## REQUIREMENT
Could you give the entries back exactly as they stand, minus any pictures?
──────── INPUT FOR THIS TASK ────────
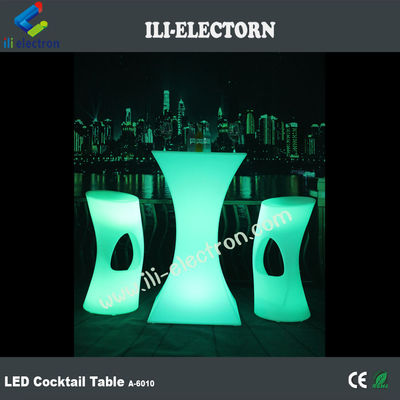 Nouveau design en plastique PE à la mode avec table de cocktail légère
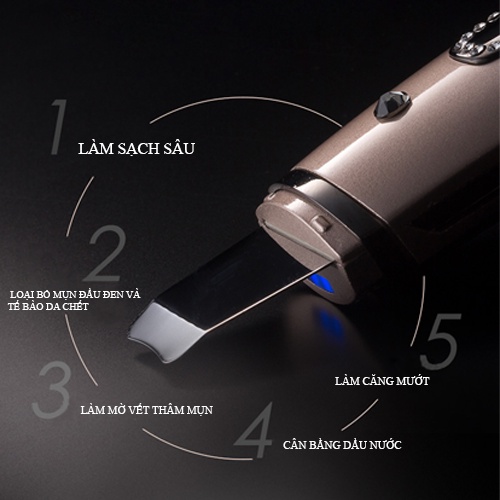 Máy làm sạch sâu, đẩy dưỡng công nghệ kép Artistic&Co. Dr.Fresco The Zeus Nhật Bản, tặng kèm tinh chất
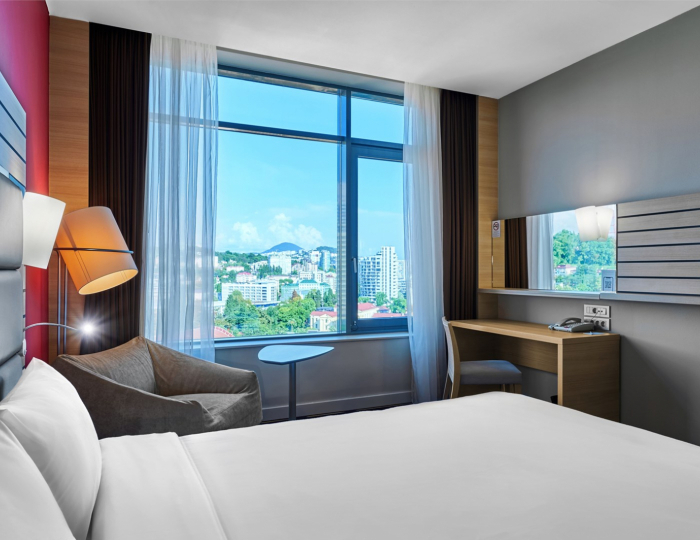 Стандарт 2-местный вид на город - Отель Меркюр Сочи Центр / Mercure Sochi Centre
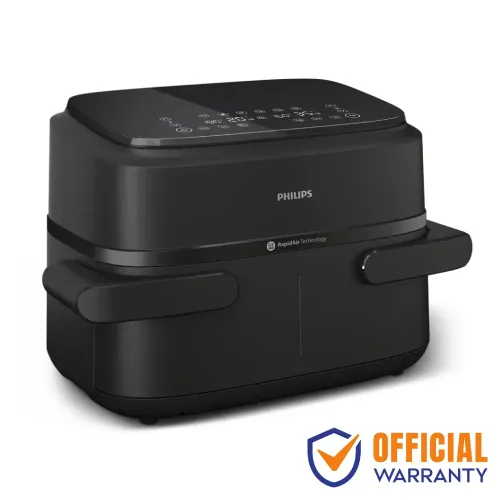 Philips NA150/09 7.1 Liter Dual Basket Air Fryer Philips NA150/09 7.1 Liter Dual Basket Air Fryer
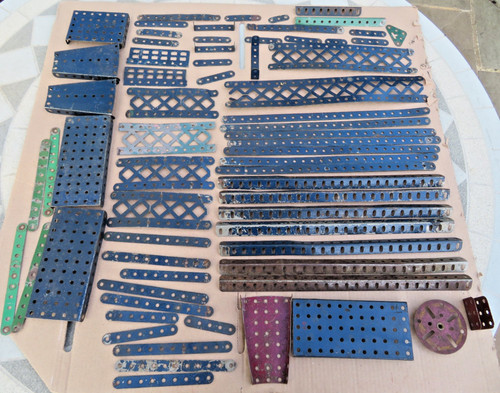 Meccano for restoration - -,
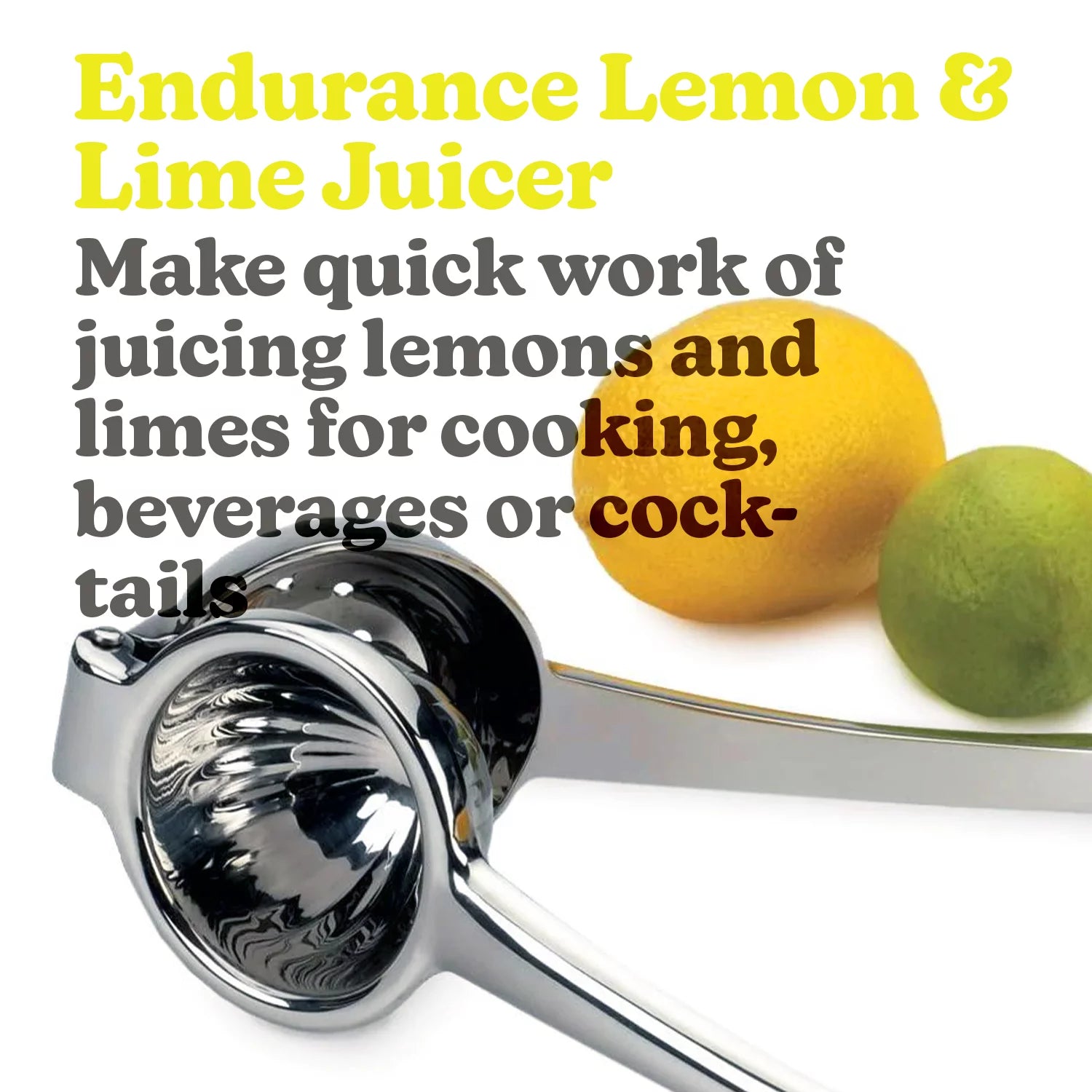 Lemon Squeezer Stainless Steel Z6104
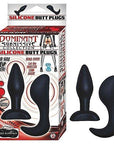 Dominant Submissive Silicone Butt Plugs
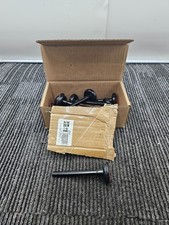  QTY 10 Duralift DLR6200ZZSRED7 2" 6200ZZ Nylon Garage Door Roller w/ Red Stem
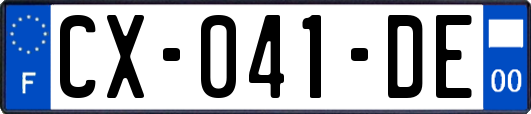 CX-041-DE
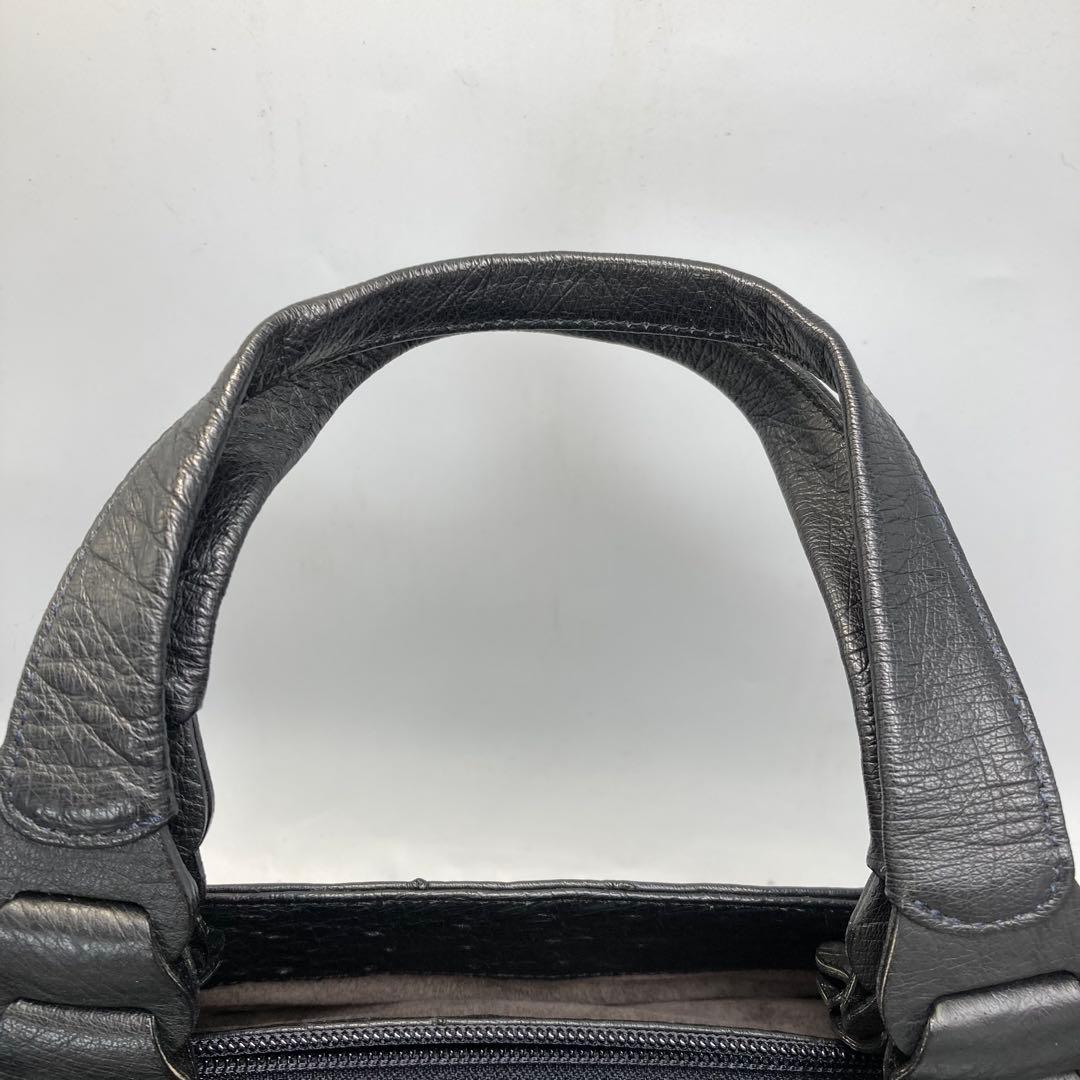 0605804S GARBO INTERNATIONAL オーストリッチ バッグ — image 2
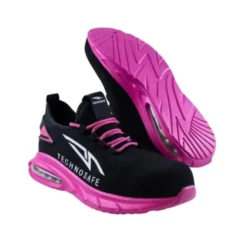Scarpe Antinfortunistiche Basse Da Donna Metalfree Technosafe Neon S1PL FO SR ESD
────────
## EXERCISE RESPONSE
 Nouveau design en plastique PE à la mode avec table de cocktail légère
 Máy làm sạch sâu, đẩy dưỡng công nghệ kép Artistic&Co. Dr.Fresco The Zeus Nhật Bản, tặng kèm tinh chất
 Стандарт 2-местный вид на город - Отель Меркюр Сочи Центр / Mercure Sochi Centre
 Philips NA150/09 7.1 Liter Dual Basket Air Fryer Philips NA150/09 7.1 Liter Dual Basket Air Fryer
 Meccano for restoration - -,
 Lemon Squeezer Stainless Steel Z6104
 Dominant Submissive Silicone Butt Plugs
  QTY 10 Duralift DLR6200ZZSRED7 2" 6200ZZ Nylon Garage Door Roller w/ Red Stem
 CX-041-DE
 0605804S GARBO INTERNATIONAL オーストリッチ バッグ — image 2
Scarpe Antinfortunistiche Basse Da Donna Metalfree Technosafe Neon S1PL FO SR ESD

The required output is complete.